Implementation and working notes of Final Project

A] Initial final project direction: Iterative parameter fitting and model selection.

Initially I wanted to explore function fitting using neural networks, in order to get a sense of a data driven parameter estimation. The ideas was to train a neural network fit the parameters of a given function family into a set of datapoints, with aim to use the same network architecture for model selection.

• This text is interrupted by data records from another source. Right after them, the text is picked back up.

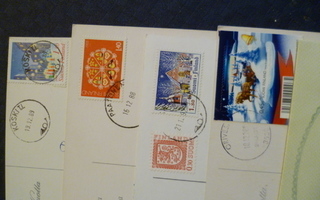Nippu leimatuin postimerkein kulkeneita kortteja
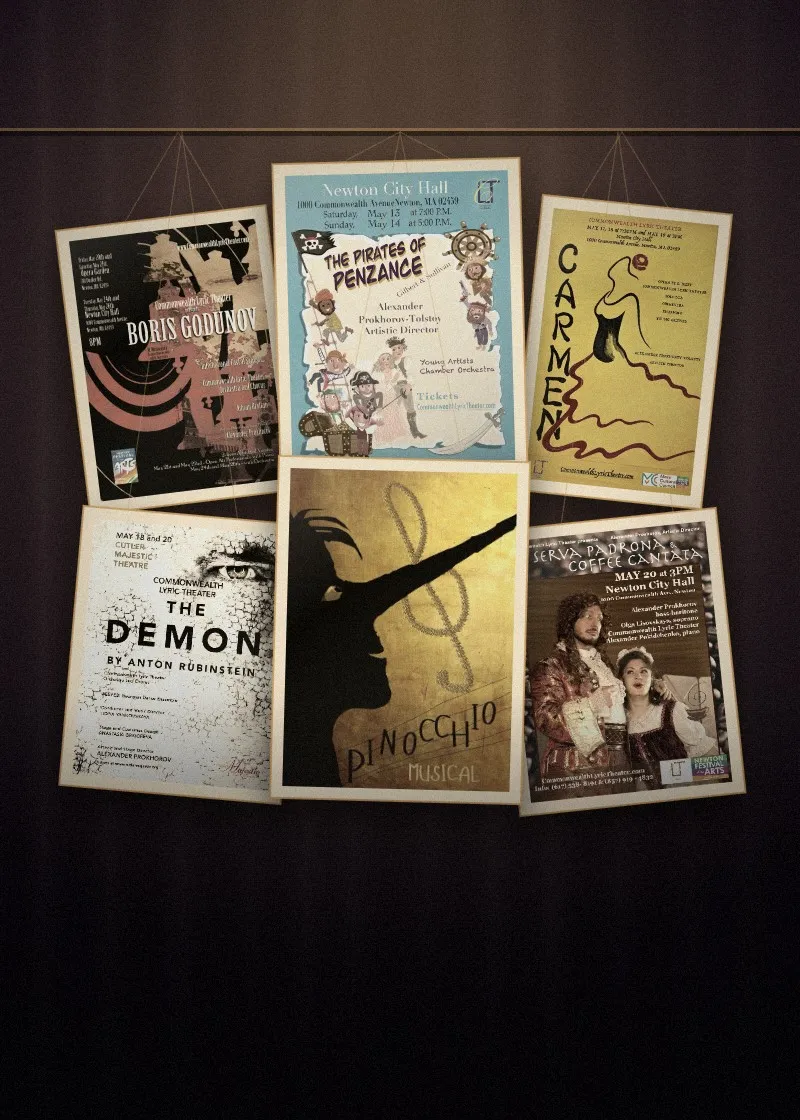 Posters from past Commonwealth Lyric Theater productions hanging under a spotlight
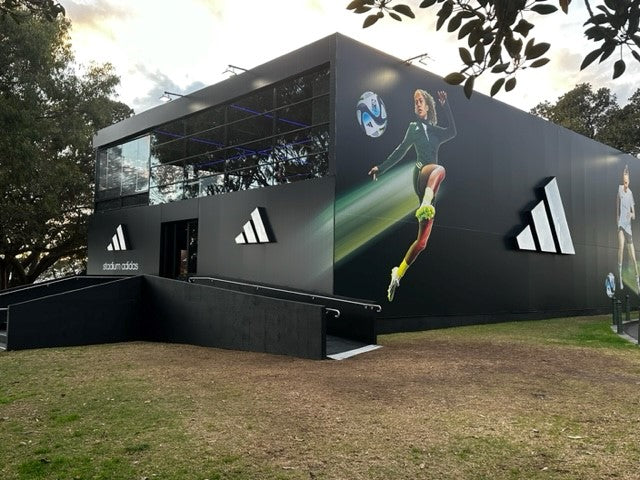 Adidas branded marquee with large windows and outdoor display of athletes running.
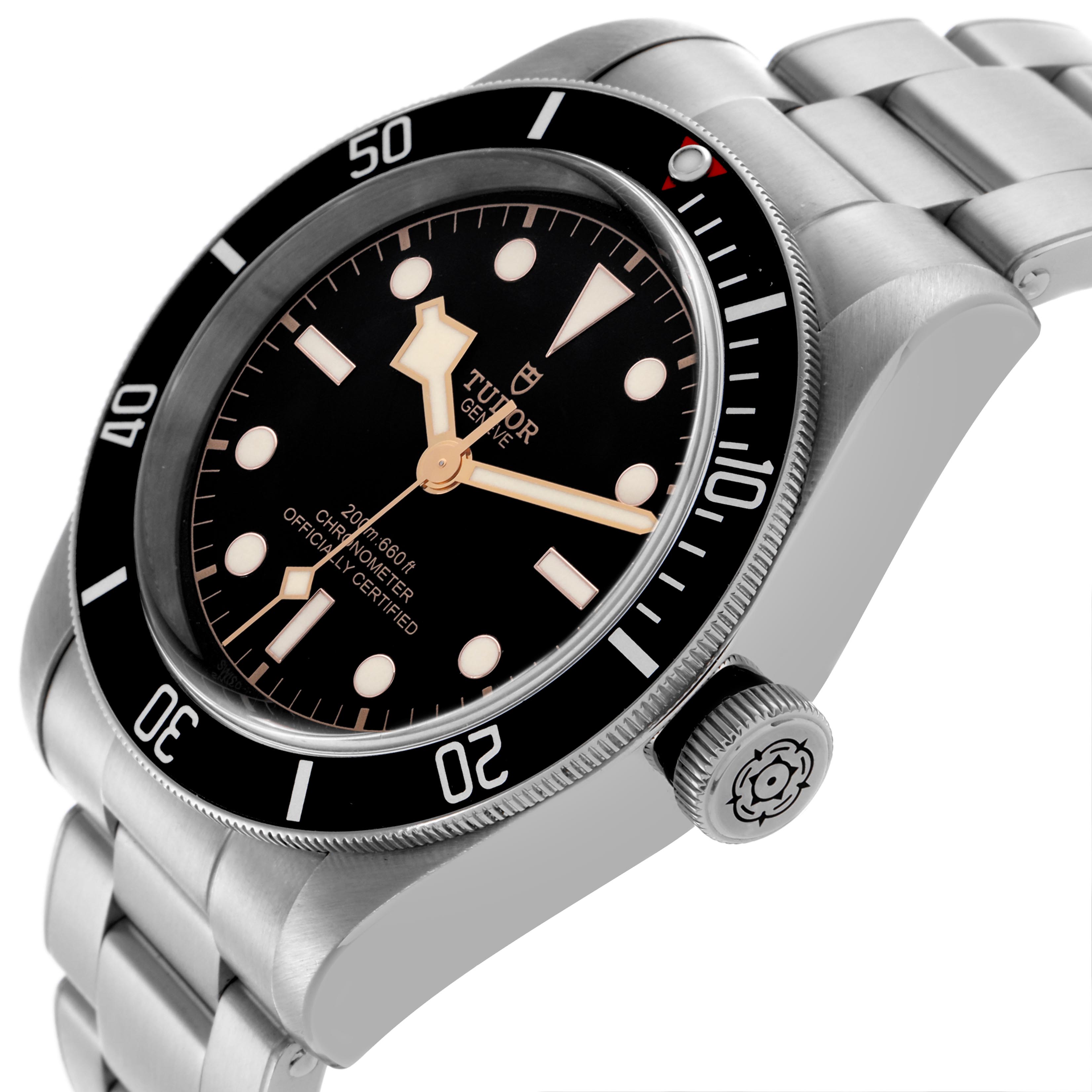 The Tudor Heritage Black Bay 79230N Men's Stainless Steel Black Dial 79230N Men's Stainless Steel Black Dial watch is shown at an angle highlighting the dial, bezel, crown, and metal bracelet.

To explain the last sentence, let's assume that we have a function of the form $f(\vec{x})=\sum_i m_iu_i(\vec{x})$, where $u_i$ is a diverse set of functions. For example, $$f(x) = m_1[\alpha sin(\beta x)] + m_2 \log(x) + m_3 x^2 \text{ . }$$

The neural network would have to learn the parameters $m_i$, which is essential a model selection for the underlying function. Of course, this approach relies heavily on knowledge about the domain of the dataset, which will be used to form the set of functions $u_i$ that the network would have to select for.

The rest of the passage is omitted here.